By taking possession of Lowry's stock pursuant to its 1974 pledge agreement, Kusworm & Myers, LPA, did perfect their security interest. Under § 1309.31 defendants' rights in the stock prevail over the plaintiff's unperfected security interest, even though they had knowledge of the plaintiff's interest. In re Smith, 326 F. Supp. 1311 (D.Minn.1971).

If the integrity of the concept of "good faith" is to be maintained, we do not believe that such a result can be tolerated. Defendant Myers is not merely a disinterested creditor who attempted to protect his commercial interests. He is the plaintiff's attorney and he and his client as witness and obligor respectively signed the memorandum of agreement. Under the circumstances herein, when the parties signed that agreement and executed the note, the plaintiff obtained an equitable lien against the 19 shares of Pico stock superior in priority to the later perfected security interest held by Kusworm & Myers, LPA.
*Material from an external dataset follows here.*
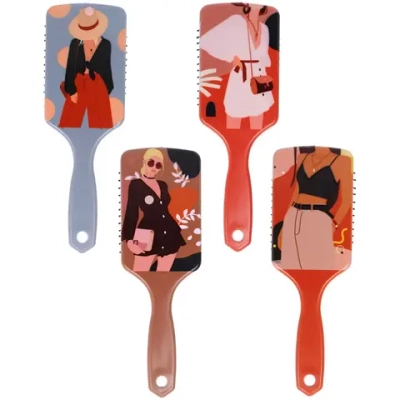 Расческа массажная прямоугольная форма «КОЛЛЕКЦИЯ ИМАНИ - МИРА», микс 4 дизайна, 24*7,5см (PVC упаковка)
Although courts should hesitate to invoke equity powers to disturb the operation of a statute, nothing in the Uniform Commercial Code precludes the imposition of an equitable lien in narrowly-circumscribed situations. Aetna Casualty & Surety Co. v. Brunken & Son, Inc., 357 F. Supp. 290 (D.S.D.1973); Warren Tool Company v. Stephenson, 11 Mich.App. 274, 161 N.W.2d 133 (1968); See Ohio Rev.Code § 1301.03.

All of the prerequisites to the establishment of an equitable lien by plaintiff are present here: all of the parties intended that the Pico stock then in Lowry's possession be given to the plaintiff as security for the debt; an instrument was signed by the parties memorializing this intent; and the present holder of the stock, Mr. Myers, had knowledge of the agreement. The defendants may not use their own dereliction in failing to turn over the stock to the plaintiffs as a defense of their actions.
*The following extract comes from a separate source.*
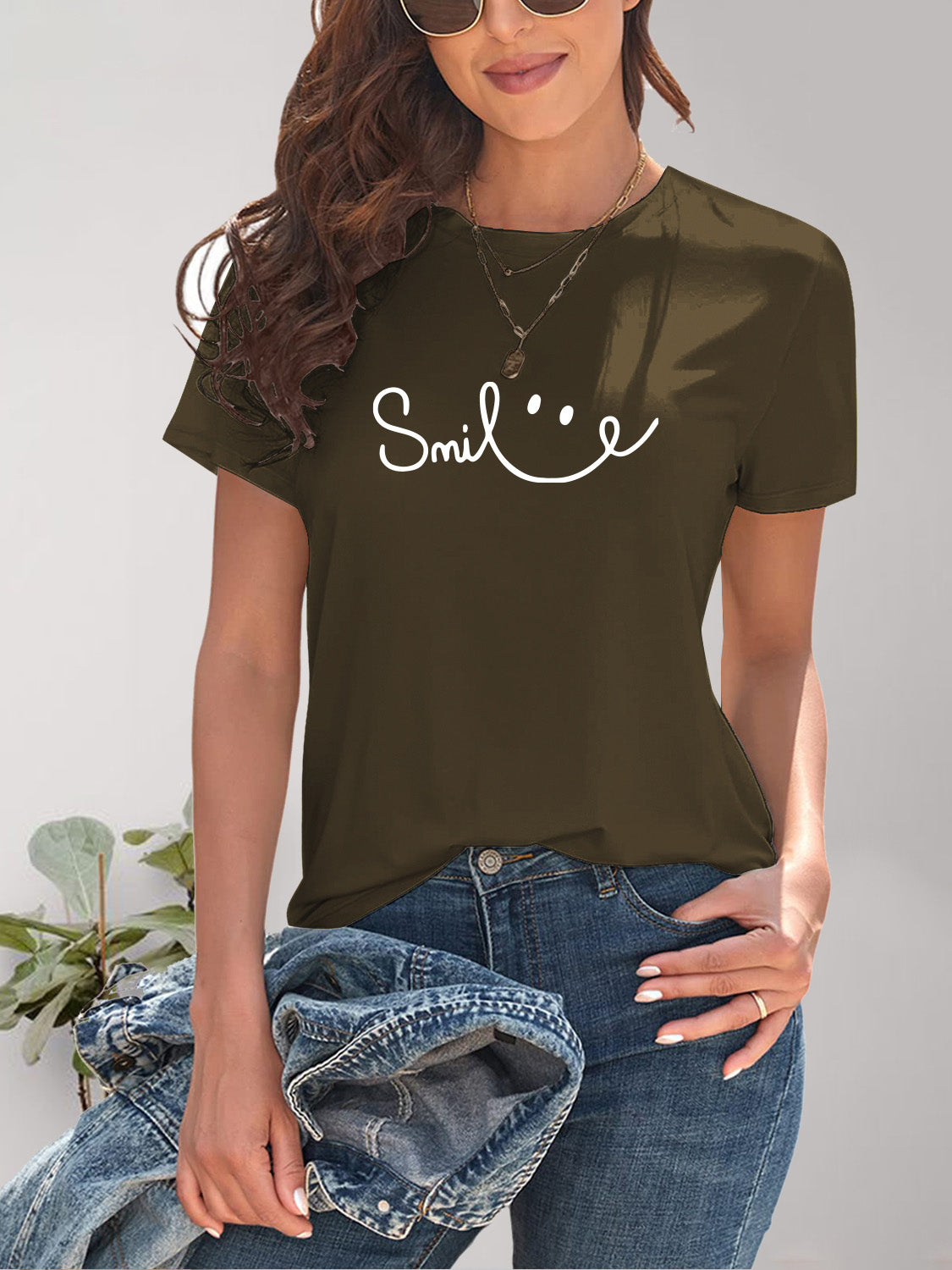 Valenzora | Smile Crew Neck Kurzarm-T-Shirt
*15 Faced with facts similar to the instant case, the Supreme Court of Ohio imposed an equitable lien on stock which a defendant failed to deliver according to its agreement with the plaintiff stating that:

What good conscience requires, equity should require, and while we are able to find no adjudicated case upon parallel facts, we are persuaded from the nature of the transaction, the relations and rights of the parties, good conscience and sound morals among men in every-day business, that Klaustermeyer should have his lien for his loan. (emphasis added)

Klaustermeyer v. Cleveland Trust Company, 89 Ohio St. 142, 105 N.E. 278 (1913).

The Court finds this reasoning sound and adopts it in toto.


A. This Court has jurisdiction in accordance with 28 U.S.C. § 1332.

B. Where defendant Edward F. Lowry as first party for consideration agrees to secure a bond issued by plaintiff General Insurance Company of America as second party with collateral security and agrees further not to impair such security, he creates an equitable lien on such collateral in favor of such second party.

C. The Uniform Commercial Code does not preclude the imposition of an equitable lien under appropriate circumstances.

D. Defendants Jacob A. Myers and Kusworm & Myers, LPA, as third party with full knowledge of the agreements referred to in Conclusion of Law B and occupying an attorney-client relationship to first party may not under the circumstances of this case obtain by pledge under the U.C.C. a security interest superior to the equitable lien of second party General Insurance Company of America.

E. The prayer of the amended complaint should be and is hereby GRANTED. Defendant Edward F. Lowry is hereby ordered to pledge the shares of Pico, Inc., referred to herein to plaintiff. Defendant Jacob A. Myers and Kusworm & Myers, LPA, are hereby directed to endorse, transfer and deliver to plaintiff the shares of Pico, Inc.

Costs to be assessed against defendants.



[1] The correct name of the corporation is Pico Development Company, an Ohio corporation. The confusion of names is of no significance and has not been considered further.

[2] All references to § 1309 and its subsections are references to the Uniform Commercial Code adopted in Ohio prior to the times involved.